--- What needs to be done ---
Among the entries below, only the lines starting at the one with "2025/7/12(土)" and ending at the one with "Citroën Ë-C4 - Feel", both included, are to be printed exactly.

##### Available records

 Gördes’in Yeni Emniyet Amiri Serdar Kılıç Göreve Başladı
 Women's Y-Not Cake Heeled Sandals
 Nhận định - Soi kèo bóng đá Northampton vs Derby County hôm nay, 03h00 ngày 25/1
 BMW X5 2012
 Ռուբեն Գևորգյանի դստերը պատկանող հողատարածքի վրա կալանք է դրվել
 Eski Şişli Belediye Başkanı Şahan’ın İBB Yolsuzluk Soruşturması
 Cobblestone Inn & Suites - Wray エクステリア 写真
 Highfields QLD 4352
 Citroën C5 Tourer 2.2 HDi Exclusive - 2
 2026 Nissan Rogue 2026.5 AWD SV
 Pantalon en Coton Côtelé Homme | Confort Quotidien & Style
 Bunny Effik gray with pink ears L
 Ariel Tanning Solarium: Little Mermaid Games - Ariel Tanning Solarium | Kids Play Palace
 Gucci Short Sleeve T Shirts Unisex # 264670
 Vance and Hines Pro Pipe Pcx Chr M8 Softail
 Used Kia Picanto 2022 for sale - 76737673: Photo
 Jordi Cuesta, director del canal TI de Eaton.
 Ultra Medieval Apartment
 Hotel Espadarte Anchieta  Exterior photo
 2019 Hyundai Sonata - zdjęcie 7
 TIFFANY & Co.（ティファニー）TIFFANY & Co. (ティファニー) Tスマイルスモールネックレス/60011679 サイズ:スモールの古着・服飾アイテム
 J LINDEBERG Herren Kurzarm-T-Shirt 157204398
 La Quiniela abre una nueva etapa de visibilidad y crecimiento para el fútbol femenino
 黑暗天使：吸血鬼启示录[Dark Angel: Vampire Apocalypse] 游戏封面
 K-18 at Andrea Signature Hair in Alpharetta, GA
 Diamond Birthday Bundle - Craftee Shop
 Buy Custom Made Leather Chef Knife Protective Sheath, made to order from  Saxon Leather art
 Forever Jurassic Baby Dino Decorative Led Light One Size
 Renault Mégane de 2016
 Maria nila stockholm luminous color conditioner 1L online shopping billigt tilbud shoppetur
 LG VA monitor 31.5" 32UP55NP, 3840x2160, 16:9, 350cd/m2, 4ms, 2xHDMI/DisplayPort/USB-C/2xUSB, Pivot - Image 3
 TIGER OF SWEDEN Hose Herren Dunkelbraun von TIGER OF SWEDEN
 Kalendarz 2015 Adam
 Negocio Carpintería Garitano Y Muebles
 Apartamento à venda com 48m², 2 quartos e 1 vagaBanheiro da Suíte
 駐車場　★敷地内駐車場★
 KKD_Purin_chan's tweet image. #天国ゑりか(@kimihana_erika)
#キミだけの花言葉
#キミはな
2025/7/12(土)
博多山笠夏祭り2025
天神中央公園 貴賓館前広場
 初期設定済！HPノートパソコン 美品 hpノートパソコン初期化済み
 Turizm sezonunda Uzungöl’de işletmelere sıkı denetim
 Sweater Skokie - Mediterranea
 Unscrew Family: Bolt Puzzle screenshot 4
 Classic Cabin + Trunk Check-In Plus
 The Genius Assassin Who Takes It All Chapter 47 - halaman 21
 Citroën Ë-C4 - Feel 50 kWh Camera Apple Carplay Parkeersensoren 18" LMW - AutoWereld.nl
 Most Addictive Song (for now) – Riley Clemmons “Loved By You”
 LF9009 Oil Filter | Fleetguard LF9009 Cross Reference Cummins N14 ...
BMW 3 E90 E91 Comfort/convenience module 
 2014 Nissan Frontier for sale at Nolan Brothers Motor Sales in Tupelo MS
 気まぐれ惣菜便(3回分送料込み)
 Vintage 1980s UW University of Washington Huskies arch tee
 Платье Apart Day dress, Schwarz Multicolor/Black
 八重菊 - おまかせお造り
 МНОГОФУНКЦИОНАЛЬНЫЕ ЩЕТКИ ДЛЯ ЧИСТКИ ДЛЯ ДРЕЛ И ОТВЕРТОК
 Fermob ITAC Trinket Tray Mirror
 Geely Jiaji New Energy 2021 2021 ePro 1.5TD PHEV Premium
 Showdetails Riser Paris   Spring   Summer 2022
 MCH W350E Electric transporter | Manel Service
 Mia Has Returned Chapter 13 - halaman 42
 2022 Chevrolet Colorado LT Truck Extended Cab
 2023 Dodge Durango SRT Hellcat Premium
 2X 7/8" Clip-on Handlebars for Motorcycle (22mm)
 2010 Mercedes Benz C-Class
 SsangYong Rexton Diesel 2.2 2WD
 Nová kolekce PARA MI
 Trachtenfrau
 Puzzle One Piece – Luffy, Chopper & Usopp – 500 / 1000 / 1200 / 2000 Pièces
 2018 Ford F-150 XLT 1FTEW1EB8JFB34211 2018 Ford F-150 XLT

##########

--- Task response ---
2025/7/12(土)
博多山笠夏祭り2025
天神中央公園 貴賓館前広場
 初期設定済！HPノートパソコン 美品 hpノートパソコン初期化済み
 Turizm sezonunda Uzungöl’de işletmelere sıkı denetim
 Sweater Skokie - Mediterranea
 Unscrew Family: Bolt Puzzle screenshot 4
 Classic Cabin + Trunk Check-In Plus
 The Genius Assassin Who Takes It All Chapter 47 - halaman 21
 Citroën Ë-C4 - Feel 50 kWh Camera Apple Carplay Parkeersensoren 18" LMW - AutoWereld.nl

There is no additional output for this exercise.